*TASK:* The answer must be an exact transcription of the lines below from the first through the one containing "Hello ladies and", with the pictures left out; please add nothing else.

** RECORD SET follows **

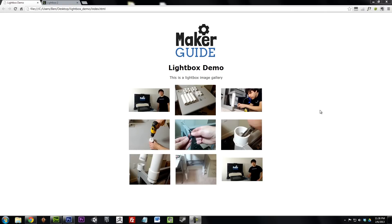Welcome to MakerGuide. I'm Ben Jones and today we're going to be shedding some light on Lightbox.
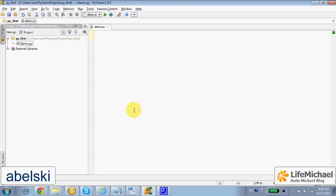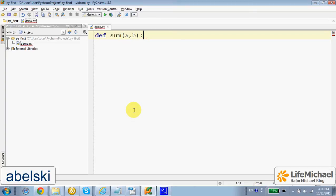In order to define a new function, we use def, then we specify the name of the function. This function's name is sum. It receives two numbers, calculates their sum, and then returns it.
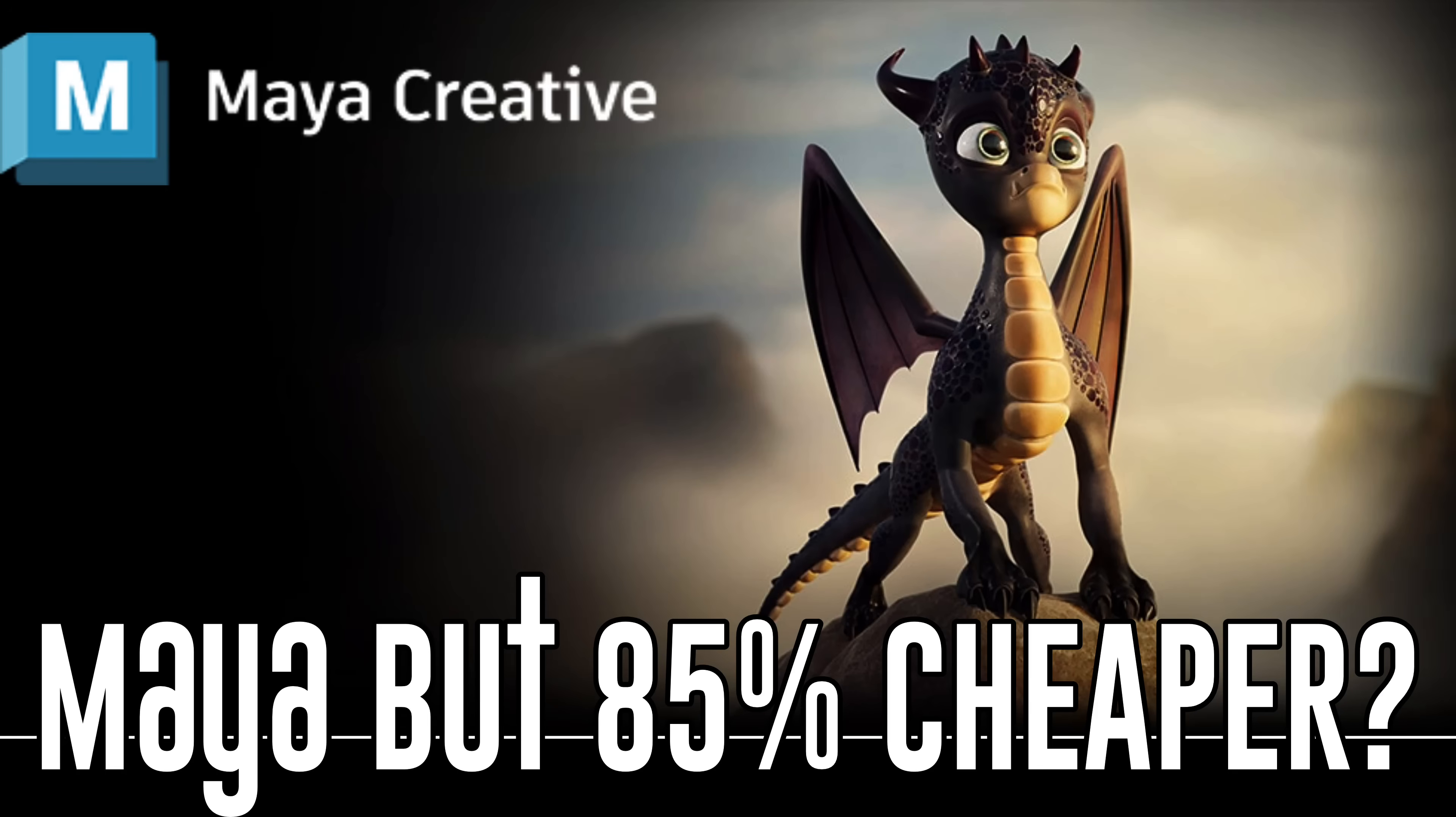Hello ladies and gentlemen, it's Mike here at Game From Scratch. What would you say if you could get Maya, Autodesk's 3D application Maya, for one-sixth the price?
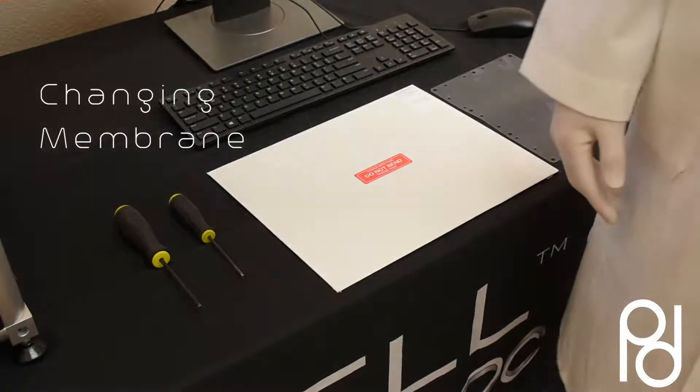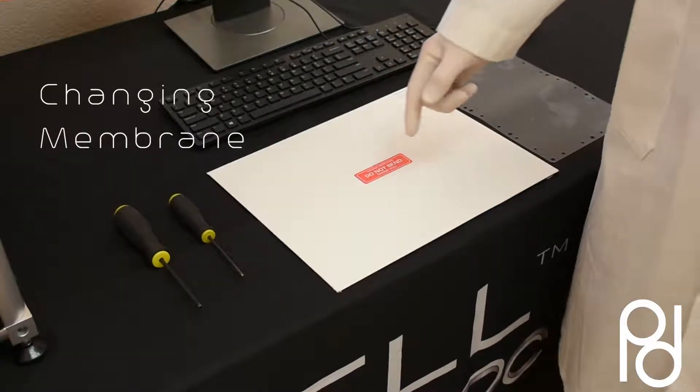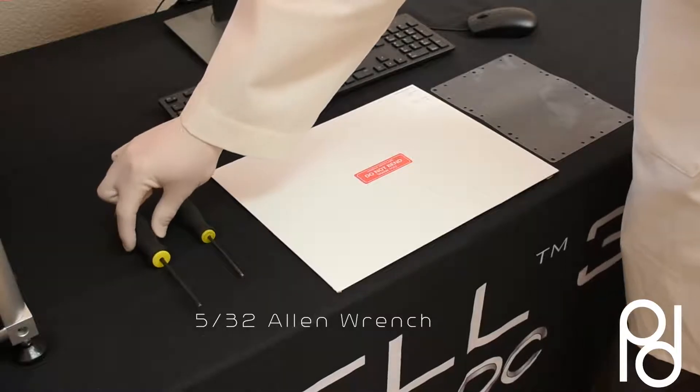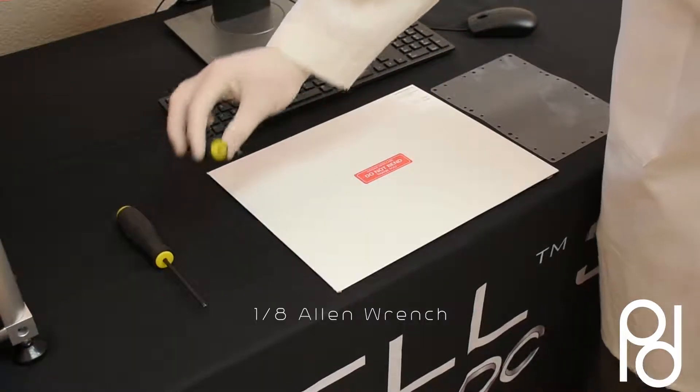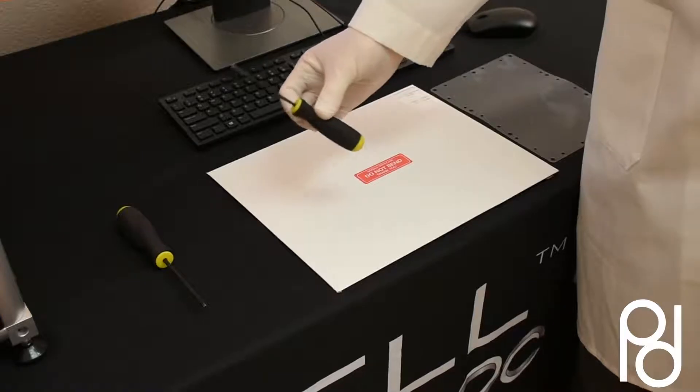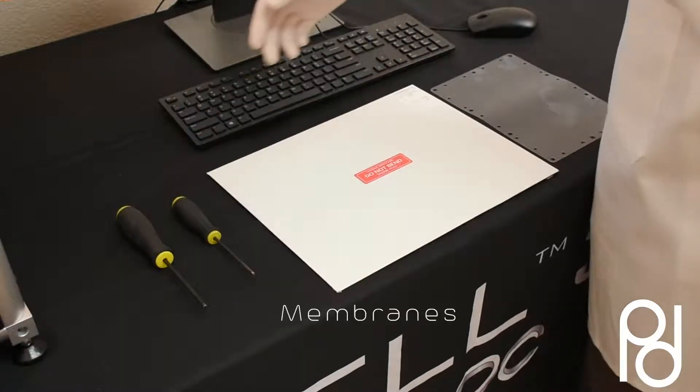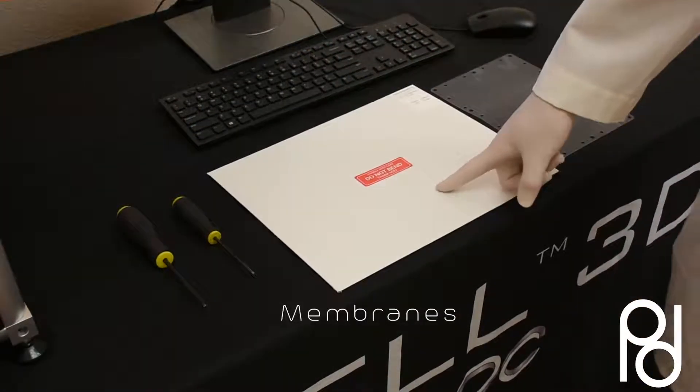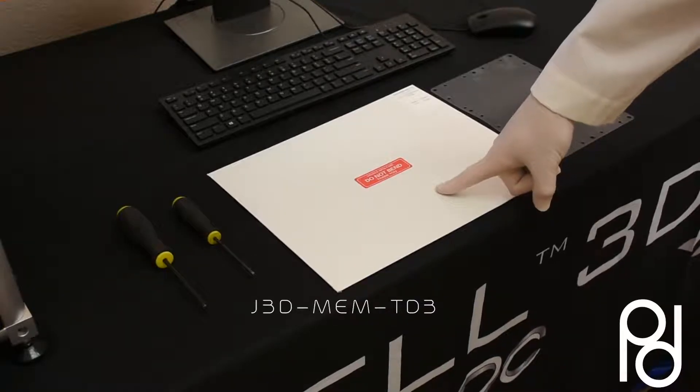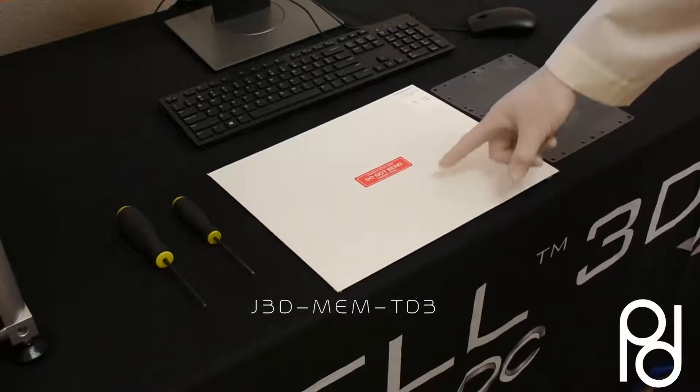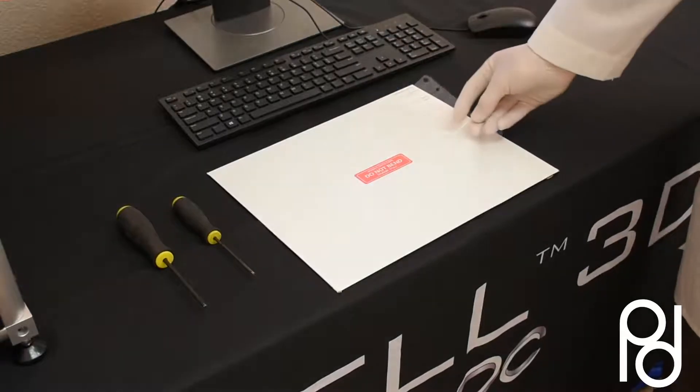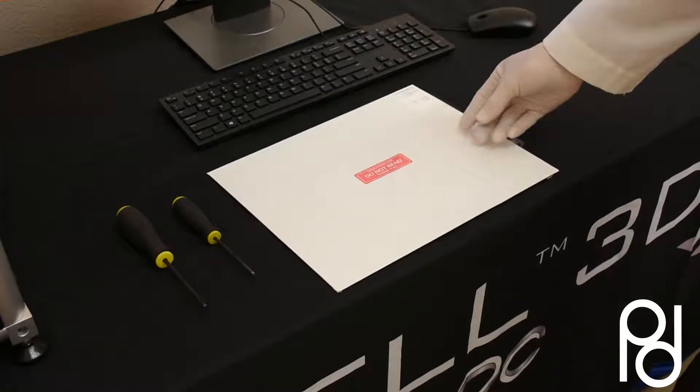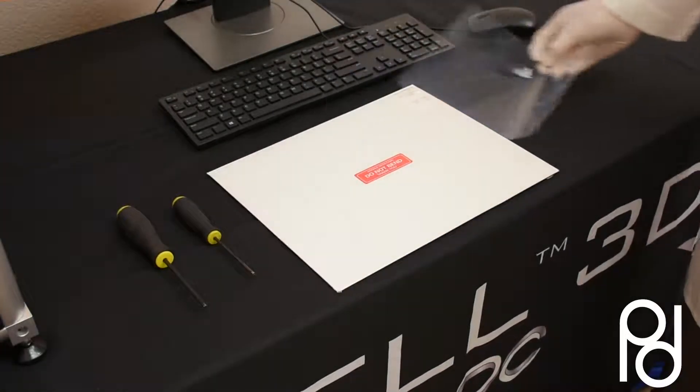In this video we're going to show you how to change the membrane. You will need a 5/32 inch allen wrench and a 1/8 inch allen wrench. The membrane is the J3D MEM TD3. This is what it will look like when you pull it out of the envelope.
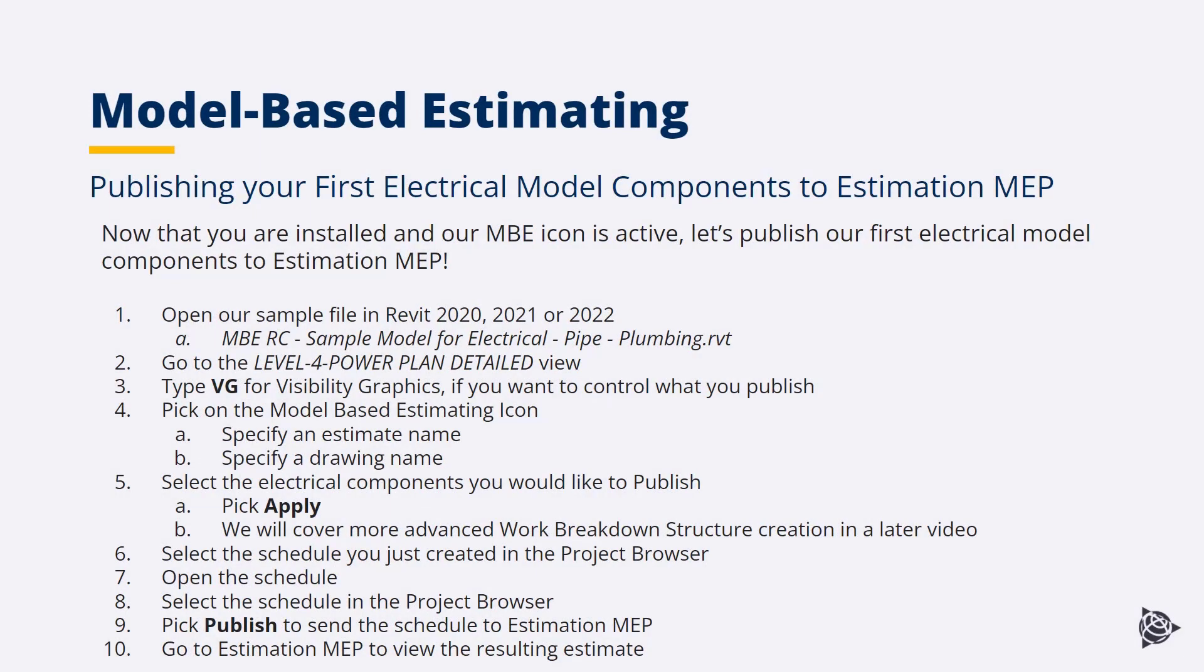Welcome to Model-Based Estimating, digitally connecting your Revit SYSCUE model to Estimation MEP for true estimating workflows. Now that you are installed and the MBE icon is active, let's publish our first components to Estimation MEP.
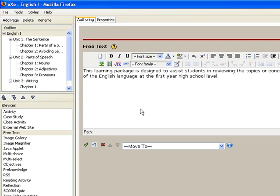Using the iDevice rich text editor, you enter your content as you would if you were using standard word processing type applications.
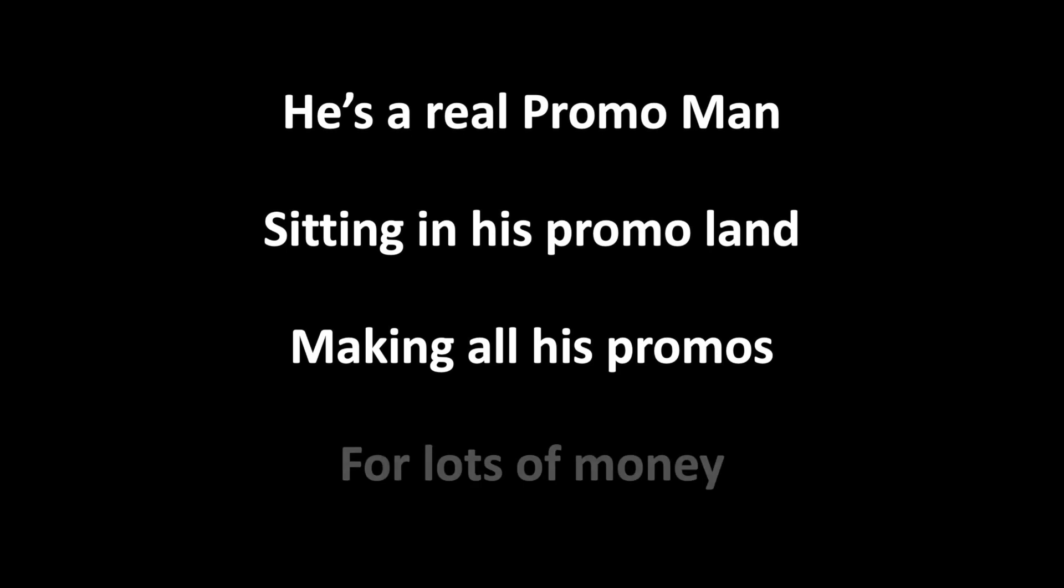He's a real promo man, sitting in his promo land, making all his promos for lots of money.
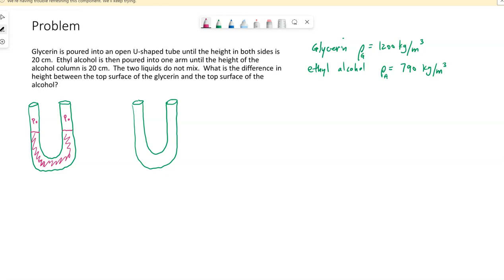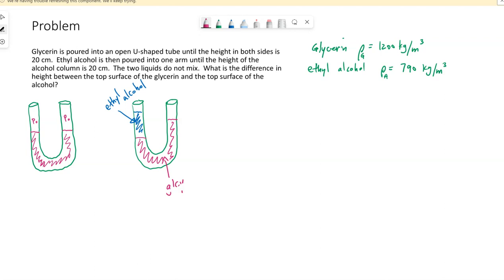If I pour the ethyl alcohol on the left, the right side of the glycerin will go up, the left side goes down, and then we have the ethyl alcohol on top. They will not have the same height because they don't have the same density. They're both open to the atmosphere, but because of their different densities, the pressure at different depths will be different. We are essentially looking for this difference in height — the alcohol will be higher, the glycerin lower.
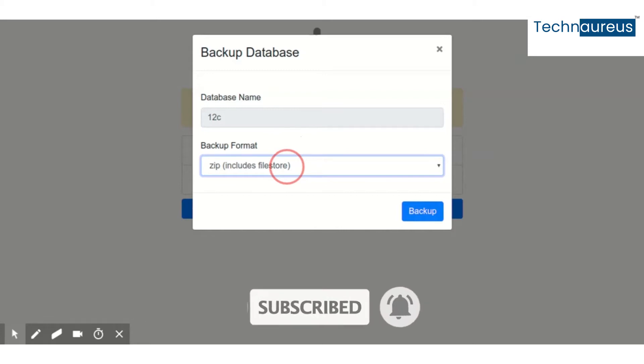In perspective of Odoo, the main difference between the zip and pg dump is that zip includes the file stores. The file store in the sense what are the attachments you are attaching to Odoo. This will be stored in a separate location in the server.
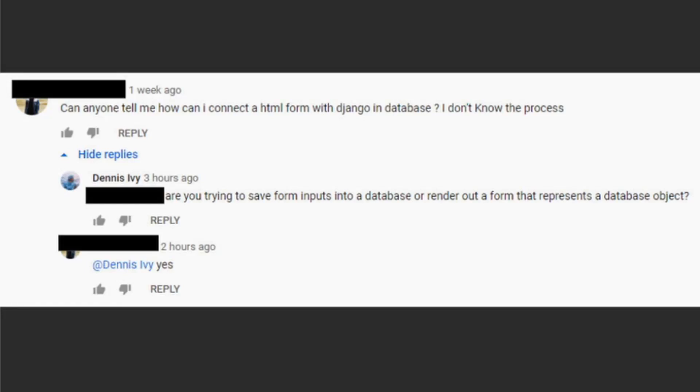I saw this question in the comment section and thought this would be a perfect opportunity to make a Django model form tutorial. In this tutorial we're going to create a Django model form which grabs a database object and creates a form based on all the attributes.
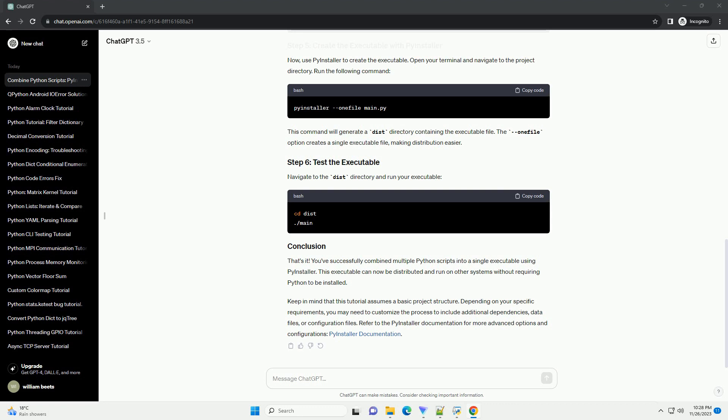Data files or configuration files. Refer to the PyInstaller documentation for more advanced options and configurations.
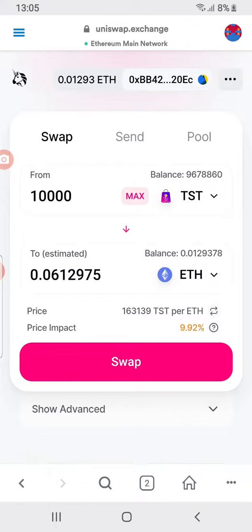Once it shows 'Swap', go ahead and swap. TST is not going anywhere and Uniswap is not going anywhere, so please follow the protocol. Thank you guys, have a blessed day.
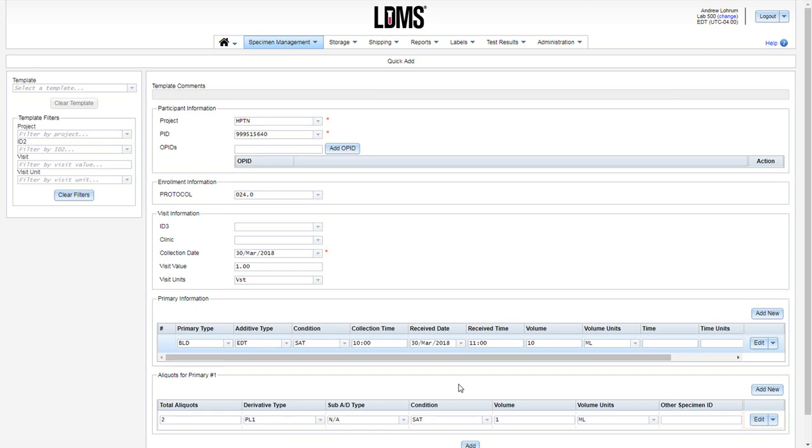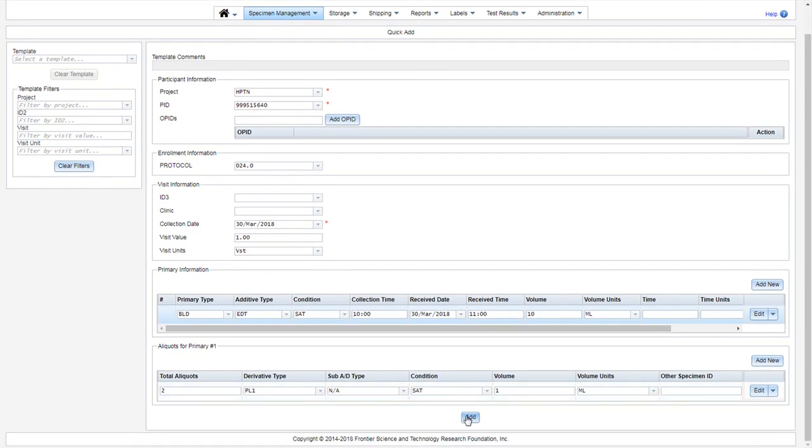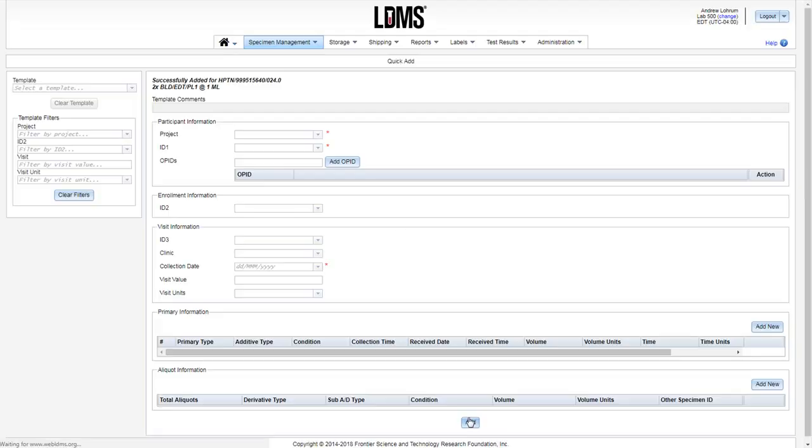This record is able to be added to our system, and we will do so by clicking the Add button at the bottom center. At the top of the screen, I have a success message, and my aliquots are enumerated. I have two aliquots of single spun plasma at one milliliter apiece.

** End of RECORD SET **

*RESULT OF THE EXERCISE:*
Welcome to MakerGuide. I'm Ben Jones and today we're going to be shedding some light on Lightbox.
In order to define a new function, we use def, then we specify the name of the function. This function's name is sum. It receives two numbers, calculates their sum, and then returns it.
Hello ladies and gentlemen, it's Mike here at Game From Scratch. What would you say if you could get Maya, Autodesk's 3D application Maya, for one-sixth the price?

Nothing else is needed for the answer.